Just before Joe Biden got pushed out of willingly withdrew from the Democrat nomination, J.D. Vance objected to the Dump Biden movement's attempts to anoint a new nominee. Calling it an attempted "coup," Vance reminded everyone of the legitimate constitutional process for dealing with an incapacitated president. And that doesn't involve doing an end run around a duly elected president and nominee who refused to leave, even after his incapacity has been exposed:
"I mean, look, there’s a constitutional process, the 25th Amendment. If Joe Biden can’t run for president, he can’t serve as president,” Vance replied.
Vance continued voicing his opinion, saying, “And if they want to take him down because he’s mentally incapable of serving, invoke the 25th Amendment. You don’t get to sort of do this in the most politically beneficial way for Democrats. If it’s an actual problem, they should take care of it the appropriate way.”

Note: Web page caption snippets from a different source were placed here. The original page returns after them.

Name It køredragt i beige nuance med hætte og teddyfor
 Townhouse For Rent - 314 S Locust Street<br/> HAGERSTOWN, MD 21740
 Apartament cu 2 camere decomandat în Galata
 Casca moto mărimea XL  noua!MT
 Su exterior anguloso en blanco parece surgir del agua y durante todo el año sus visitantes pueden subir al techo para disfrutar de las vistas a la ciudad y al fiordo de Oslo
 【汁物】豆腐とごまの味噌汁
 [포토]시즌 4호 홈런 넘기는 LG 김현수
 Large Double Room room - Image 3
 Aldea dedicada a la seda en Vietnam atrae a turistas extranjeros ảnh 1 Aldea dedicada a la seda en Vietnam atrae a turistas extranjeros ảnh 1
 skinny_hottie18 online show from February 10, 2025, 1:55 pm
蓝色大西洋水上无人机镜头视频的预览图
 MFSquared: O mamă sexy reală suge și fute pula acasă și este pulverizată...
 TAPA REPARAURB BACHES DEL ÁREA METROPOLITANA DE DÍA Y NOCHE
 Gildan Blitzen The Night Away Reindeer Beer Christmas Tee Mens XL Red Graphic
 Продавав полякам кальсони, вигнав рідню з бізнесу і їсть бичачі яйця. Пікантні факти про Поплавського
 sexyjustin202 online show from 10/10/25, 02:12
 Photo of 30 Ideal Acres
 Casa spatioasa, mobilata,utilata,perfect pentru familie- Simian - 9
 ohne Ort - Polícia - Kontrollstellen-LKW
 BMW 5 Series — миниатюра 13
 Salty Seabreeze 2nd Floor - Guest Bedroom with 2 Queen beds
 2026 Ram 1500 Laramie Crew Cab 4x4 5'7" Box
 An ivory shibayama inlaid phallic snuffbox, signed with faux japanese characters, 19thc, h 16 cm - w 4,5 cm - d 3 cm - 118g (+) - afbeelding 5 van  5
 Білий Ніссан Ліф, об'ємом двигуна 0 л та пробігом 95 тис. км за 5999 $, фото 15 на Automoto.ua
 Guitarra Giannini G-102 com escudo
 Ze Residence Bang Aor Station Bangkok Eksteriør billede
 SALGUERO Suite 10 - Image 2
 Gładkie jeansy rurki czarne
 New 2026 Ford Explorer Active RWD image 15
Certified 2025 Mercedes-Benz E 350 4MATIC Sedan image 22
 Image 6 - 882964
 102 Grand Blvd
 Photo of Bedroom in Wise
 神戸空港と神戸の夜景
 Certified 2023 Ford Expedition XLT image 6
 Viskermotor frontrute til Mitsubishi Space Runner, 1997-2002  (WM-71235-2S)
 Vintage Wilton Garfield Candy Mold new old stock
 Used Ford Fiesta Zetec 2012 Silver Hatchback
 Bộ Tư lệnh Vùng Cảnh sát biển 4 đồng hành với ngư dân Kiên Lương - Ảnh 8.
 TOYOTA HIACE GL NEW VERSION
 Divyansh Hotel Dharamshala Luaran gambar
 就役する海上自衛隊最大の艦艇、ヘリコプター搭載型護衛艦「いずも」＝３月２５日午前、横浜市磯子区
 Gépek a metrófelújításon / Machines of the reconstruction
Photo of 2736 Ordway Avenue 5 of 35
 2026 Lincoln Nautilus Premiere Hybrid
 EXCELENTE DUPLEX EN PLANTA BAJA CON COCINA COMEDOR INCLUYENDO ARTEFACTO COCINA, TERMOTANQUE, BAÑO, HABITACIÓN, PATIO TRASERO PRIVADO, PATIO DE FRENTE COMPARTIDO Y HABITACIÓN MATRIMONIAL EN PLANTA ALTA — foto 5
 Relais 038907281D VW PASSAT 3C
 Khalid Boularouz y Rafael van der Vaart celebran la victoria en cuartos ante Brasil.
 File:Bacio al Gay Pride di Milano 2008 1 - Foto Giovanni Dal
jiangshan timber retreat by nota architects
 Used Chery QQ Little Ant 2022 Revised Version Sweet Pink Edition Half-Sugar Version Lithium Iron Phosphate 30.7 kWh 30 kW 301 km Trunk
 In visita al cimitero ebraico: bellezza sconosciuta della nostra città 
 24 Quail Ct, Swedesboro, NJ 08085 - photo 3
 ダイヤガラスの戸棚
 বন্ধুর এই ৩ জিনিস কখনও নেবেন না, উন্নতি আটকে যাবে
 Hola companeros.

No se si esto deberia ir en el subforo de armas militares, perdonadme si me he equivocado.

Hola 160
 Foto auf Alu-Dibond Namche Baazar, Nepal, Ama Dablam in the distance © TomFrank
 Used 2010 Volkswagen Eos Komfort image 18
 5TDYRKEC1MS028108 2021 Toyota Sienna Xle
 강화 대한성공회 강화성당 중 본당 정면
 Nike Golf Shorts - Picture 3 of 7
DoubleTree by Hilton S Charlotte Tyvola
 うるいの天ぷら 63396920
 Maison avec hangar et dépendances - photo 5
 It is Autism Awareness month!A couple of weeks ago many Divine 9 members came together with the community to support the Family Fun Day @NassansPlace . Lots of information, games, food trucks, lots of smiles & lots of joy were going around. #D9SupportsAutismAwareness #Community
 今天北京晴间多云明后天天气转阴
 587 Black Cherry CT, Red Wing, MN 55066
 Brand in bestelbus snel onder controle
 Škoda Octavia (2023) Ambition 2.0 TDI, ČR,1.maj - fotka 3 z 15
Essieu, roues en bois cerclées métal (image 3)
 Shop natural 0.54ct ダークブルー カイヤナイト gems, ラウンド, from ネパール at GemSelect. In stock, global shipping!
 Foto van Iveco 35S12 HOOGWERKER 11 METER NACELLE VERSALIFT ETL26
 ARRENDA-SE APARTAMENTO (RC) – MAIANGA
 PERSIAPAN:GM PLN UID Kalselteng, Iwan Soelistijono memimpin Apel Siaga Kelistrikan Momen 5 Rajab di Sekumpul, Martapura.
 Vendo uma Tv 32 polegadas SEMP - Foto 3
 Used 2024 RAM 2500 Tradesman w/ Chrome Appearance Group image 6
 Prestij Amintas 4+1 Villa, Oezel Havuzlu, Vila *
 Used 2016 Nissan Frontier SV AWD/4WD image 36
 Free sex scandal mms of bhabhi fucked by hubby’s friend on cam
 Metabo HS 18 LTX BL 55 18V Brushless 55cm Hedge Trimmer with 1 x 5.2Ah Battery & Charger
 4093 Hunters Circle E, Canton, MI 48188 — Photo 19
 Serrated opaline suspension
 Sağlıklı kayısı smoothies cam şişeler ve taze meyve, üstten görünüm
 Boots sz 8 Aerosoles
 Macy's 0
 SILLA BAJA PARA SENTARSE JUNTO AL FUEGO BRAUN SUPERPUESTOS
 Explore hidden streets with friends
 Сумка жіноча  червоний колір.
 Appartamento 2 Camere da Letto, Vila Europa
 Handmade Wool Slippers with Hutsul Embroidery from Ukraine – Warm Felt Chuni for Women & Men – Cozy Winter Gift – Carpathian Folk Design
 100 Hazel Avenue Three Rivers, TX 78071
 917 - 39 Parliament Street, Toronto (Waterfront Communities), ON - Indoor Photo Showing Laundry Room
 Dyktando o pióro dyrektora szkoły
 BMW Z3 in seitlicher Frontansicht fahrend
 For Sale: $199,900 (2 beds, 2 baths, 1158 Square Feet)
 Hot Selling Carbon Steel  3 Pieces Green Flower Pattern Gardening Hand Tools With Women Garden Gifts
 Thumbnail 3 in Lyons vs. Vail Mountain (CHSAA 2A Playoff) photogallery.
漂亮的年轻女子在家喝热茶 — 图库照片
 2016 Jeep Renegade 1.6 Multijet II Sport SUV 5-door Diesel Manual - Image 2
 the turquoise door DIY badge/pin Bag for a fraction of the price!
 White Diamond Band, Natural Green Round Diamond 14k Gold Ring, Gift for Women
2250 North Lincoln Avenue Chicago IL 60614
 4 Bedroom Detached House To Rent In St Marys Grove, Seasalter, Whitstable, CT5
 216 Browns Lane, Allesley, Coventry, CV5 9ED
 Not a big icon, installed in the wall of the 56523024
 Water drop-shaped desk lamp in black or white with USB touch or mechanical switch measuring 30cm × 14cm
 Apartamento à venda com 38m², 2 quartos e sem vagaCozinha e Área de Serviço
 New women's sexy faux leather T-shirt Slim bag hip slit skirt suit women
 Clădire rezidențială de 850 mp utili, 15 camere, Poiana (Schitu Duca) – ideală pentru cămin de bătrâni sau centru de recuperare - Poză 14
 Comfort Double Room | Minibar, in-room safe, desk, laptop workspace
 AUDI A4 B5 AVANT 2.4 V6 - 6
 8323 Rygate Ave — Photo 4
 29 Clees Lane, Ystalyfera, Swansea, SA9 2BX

That comment got recorded in a joint interview with Donald Trump the day before Biden's withdrawal, but aired the day after it. That didn't necessarily resolve the issue, though, because it would take two more days before Biden made a public appearance and affirmed his withdrawal in an Oval Office speech. The question remained -- if Biden can't run for office, is he too incapacitated to serve now?
Democrats don't want to answer that question, and maybe they won't need to do so. This morning, Trump told Fox & Friends that Republicans should stop suggesting a 25th Amendment removal, mainly because Kamala Harris would be worse than a marginally competent Joe Biden:
Former President Donald Trump said he doesn’t believe the 25th Amendment should be invoked against President Biden, warning it would be more “dangerous” to put Vice President Kamala Harris in office because she’s “real garbage” and “worse than he is.”
Trump slammed the vice president during a Thursday morning “Fox & Friends” appearance and said he didn’t think the 25th Amendment should be invoked as Biden will be out of office in a matter of months.
“I don’t think they should use the 25th Amendment. Not long to go, you know, we have four months now and then he’s got another month and a half,” Trump said before taking aim at Harris.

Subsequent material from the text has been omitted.